While it was no longer the top film of the week, Meet the Fockers still earned a tidy sum, and has pushed up to the $235 million mark. This weekend should see it come very close to, if not actually passing the $250 million milestone, and will in very short order become the fourth-highest grossing release of 2004 (though that's as far as it goes).
In Good Company overcame a medium release pattern to finish in third place (on the regular weekend) or fourth (over MLK) depending on how you count the weekend. The Topher Grace/Dennis Quaid/Scarlett Johansson film also earned the second highest per screen average for wide releases last weekend, coming in just behind Coach Carter. The breakthrough of this film bodes well for both Topher Grace's budding leading man career (take that, Ashton!) and Paul Weitz's attempt to become the new Cameron Crowe.
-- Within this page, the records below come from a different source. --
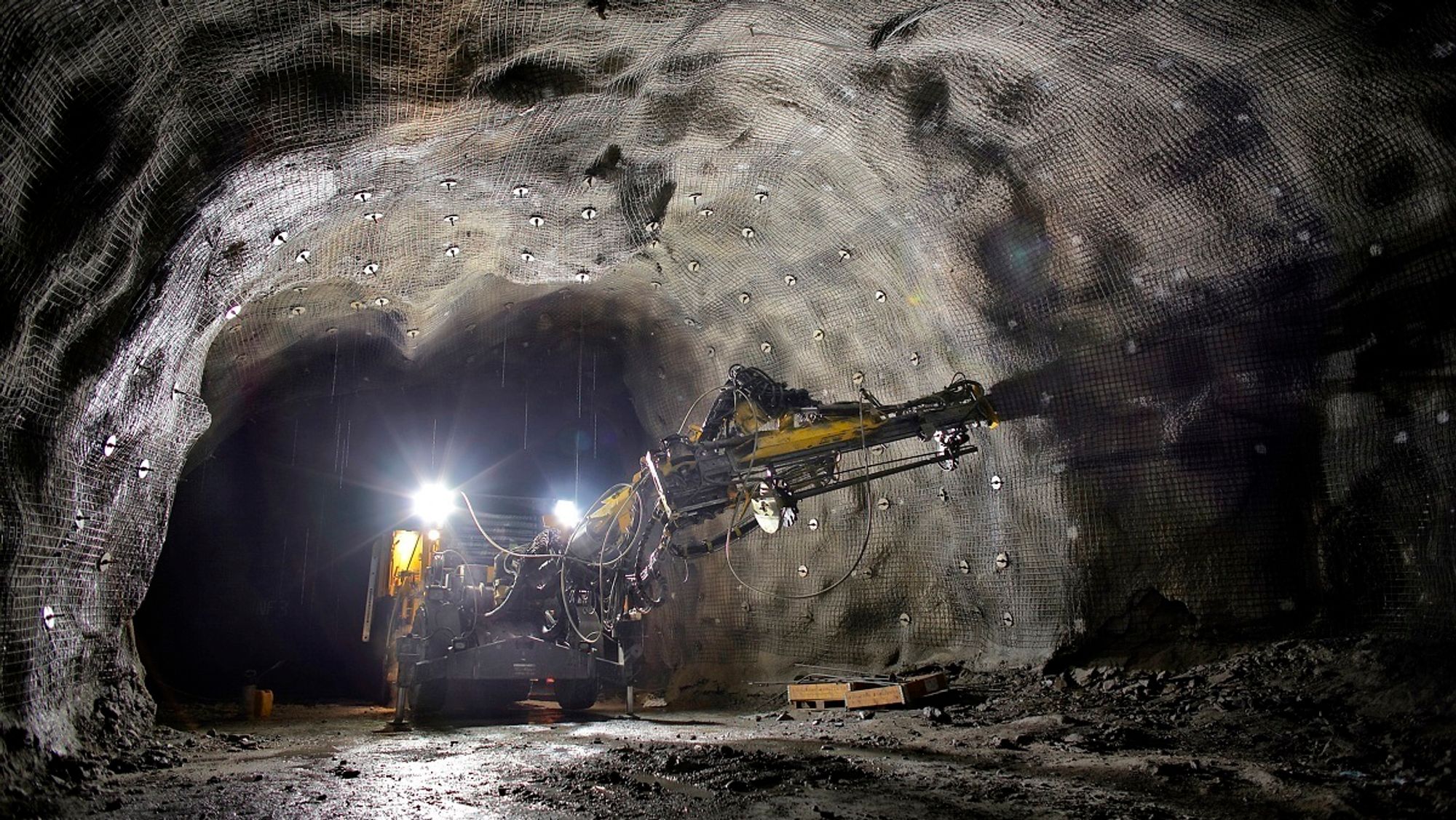 Det statseide, svenske gruve- og mineralselskapet LKAB har satt seg som mål å kutte alle utslipp fra gruvedriften innen 2045. Her fra gruvene i Malmberget.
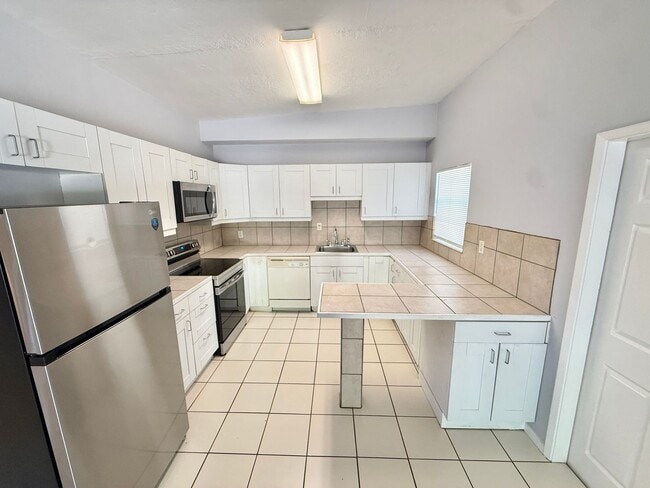 Building Photo - Sensational 2 bed 1 bath in the heart of Wilton Manors! 2 parking spots with laundry!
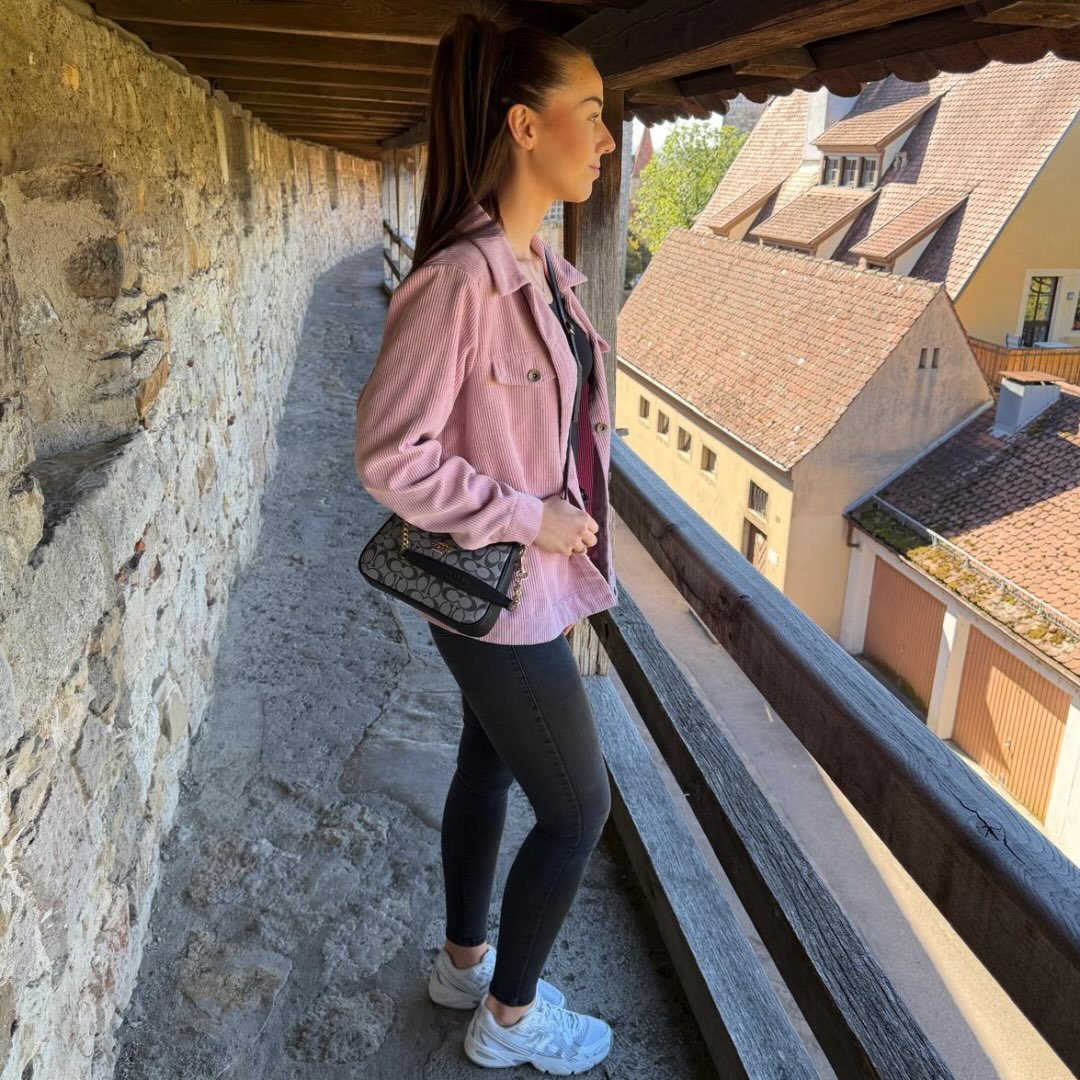 Instagram Profilbild von helena98.x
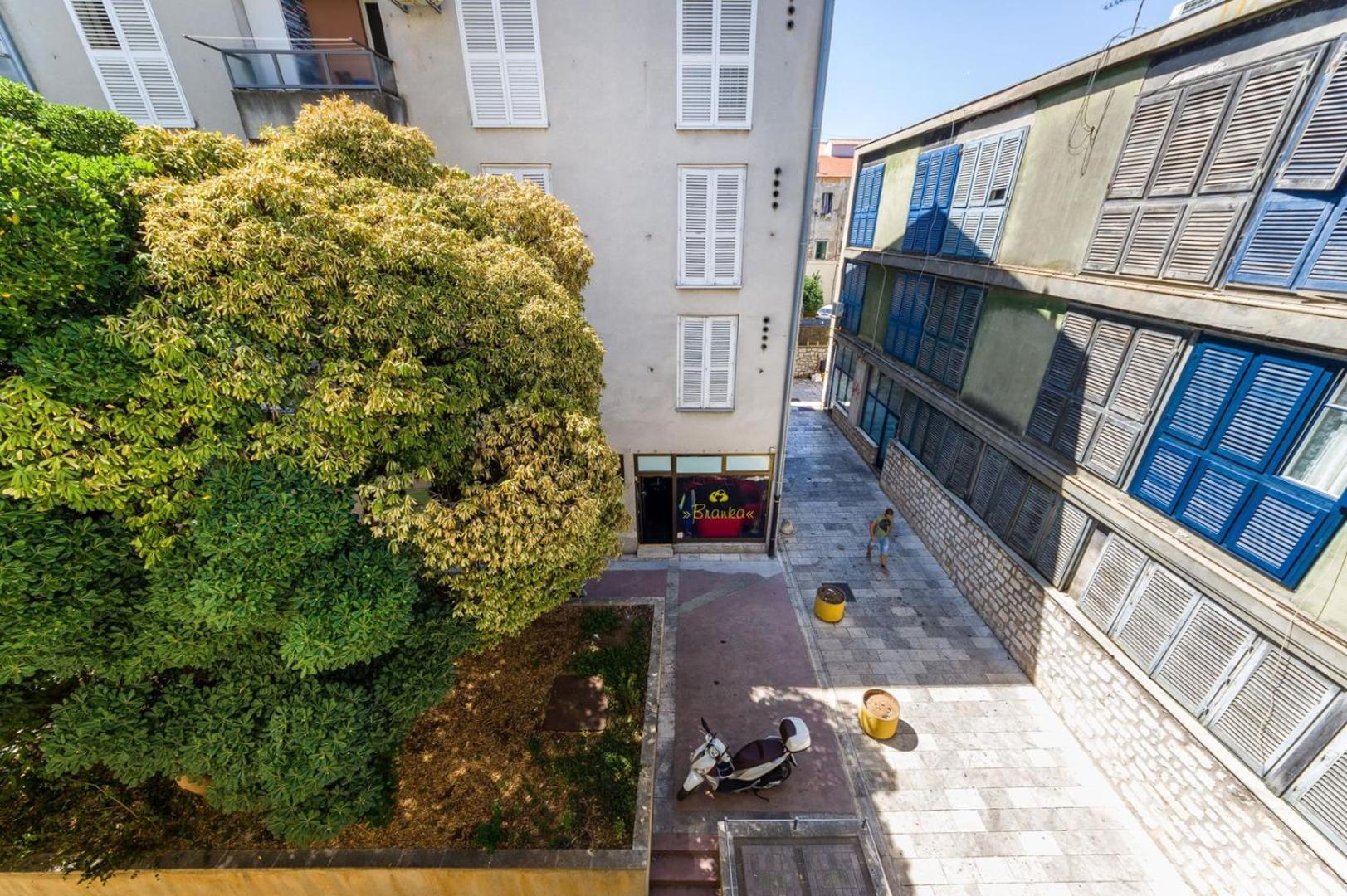 Ema 2Br Apt. In Old Town Centre Zara Esterno foto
Expanding to about 1,900 venues, In Good Company should hold on to a pretty good chunk of last weekend's business, to the tune of about $11 million.
It's got to be a little demoralizing for Jennifer Garner to come up behind Racing Stripes with her try at an action franchise. Elektra finished a solid fifth opening weekend, earning about $15 million over four days. With critics teeing off on the film, don't expect Elektra to have another resurrection. It should end up with just $7 million this weekend, and be available on video quite soon.
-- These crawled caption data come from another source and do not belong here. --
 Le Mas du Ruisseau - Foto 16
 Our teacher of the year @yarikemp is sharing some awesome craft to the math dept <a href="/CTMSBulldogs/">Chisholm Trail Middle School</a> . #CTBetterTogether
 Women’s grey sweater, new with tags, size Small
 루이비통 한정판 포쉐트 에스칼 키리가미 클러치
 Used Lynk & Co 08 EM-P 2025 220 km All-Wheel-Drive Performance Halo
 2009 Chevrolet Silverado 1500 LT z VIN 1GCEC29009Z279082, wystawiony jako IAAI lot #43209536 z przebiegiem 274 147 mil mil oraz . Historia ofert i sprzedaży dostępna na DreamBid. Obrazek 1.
Two films with two major Golden Globe wins are in the best position to benefit from awards this weekend, though this bump has traditionally been only minor since there are greater rewards to (potentially) come. I would expect The Aviator, the Best Drama and Best Actor-Drama winner, to hold steady at about $5 million this weekend. Sideways, the Best Comedy and Screenplay winner, nearly doubles its screens this weekend, and should see the biggest overall jump, and to break into the top ten for the first time, also earning close to $5 million. Ray and Closer also could stand to benefit, but are either in very small numbers of screens or are in the process of losing them. Matching Oscar nominations could reinforce this phenomenon.